Gagged over ‘workplace’ sexual harassment

November 7, 2010

Written by Nirad Mudur

In a few years, or sooner, I — and all male employees, for that matter —better fear the workplace. A Bill titled ‘Protection of Women Against Sexual Harassment at Workplace Bill-2010’ may turn into law, threatening to freeze all communication with women employees, rendering office functions a very difficult proposition to deal with. The result can be imagined as any organisation minus effective communication is a doomed venture, and all know that.
Now, why should we fear?
This is why: “What angles are you exploring?”; “What position would you like?”; “Are you free?”; “Why not discuss it over lunch?”; “Can we do it together?”; or a “Let him hand-hold you on this one”, can all be seen as loaded with verbal sexual gestures inviting the wrath of the intended law-to-be. Almost anything uttered could be seen as sexually tainted if a woman wants to ‘get even’ with a male colleague for reasons other than the professional.
A male colleague, therefore, can’t even bypass the verbal relay by resorting to emailing messages because the end-result could be the same; worse, it could mean sexual harassment through a cyber medium for all to see.
The problem is that genuine offenders indulging in sexual harassment of their women colleagues almost always cloak their words with phrases appearing to be harmless, which makes it all the more probable that really innocent remarks are viewed as sexually tainted.
This could be enough to inhibit the hapless men to put a dead halt on all communication with their women colleagues in a time when gender equality should be the example to be set and clear-cut communication — and its implementation — should be the harbinger of a company’s success.
Although the intended law is a civil law which does not carry penal provision like jail terms, if a male colleague is found guilty of indulging in even verbal sexual overtures which puts his female colleague in discomfort, it’s enough to put him away from the job for good.
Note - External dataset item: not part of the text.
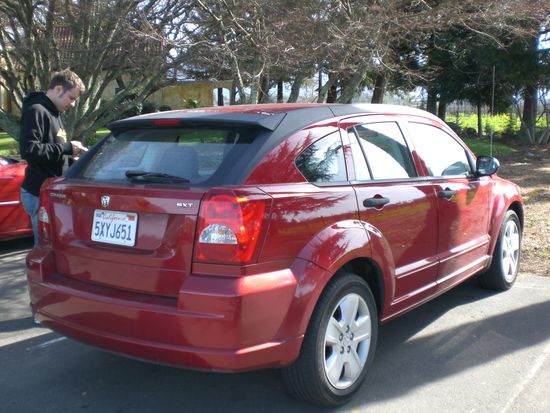 Unser Mietauto fuers Napa Valley und den Yosemite Nationalpark.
The clauses in the Bill suggest dismissal, demotion and heavy fines, not to mention the social implications surrounding it.
But “found guilty” is a dicey thing to prove in such cases wherein the really guilty parties can still get away saying “I didn’t mean it that way at all…I meant this, instead”.
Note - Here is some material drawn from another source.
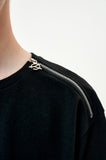 オーワイ(OY) SMOKE TRIPLE LOGO ZIPPER T-BLACK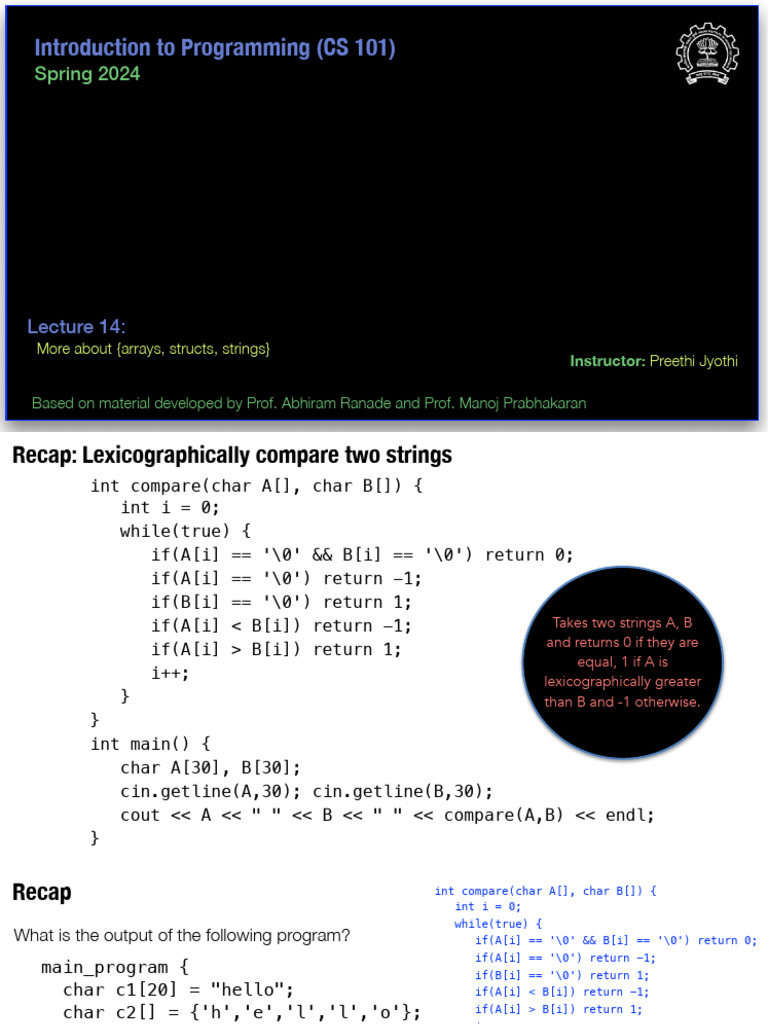 Arrays, Strings, and Merge Sort in C++ | PDF | C++ | String (Computer ...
In reality, of course, the hardcore professionals take all these things in their stride while focusing on their work in the interest of their respective companies’ performances.
But still, there could be the odd woman or man playing truant while using the clauses and their loopholes in the Act — if the Bill does turn into one.
Sexual harassment at the workplace can be effectively dealt with by junior women employees seeking guidance and strength from their senior women colleagues.
Actually, the Union government could have done well to protect women as well as men from sexual harassment, because — just like in adam-teasing — no one rushes to help a sexually harassed male colleague, who turns into a butt of jokes.
That’s a sad fact of life.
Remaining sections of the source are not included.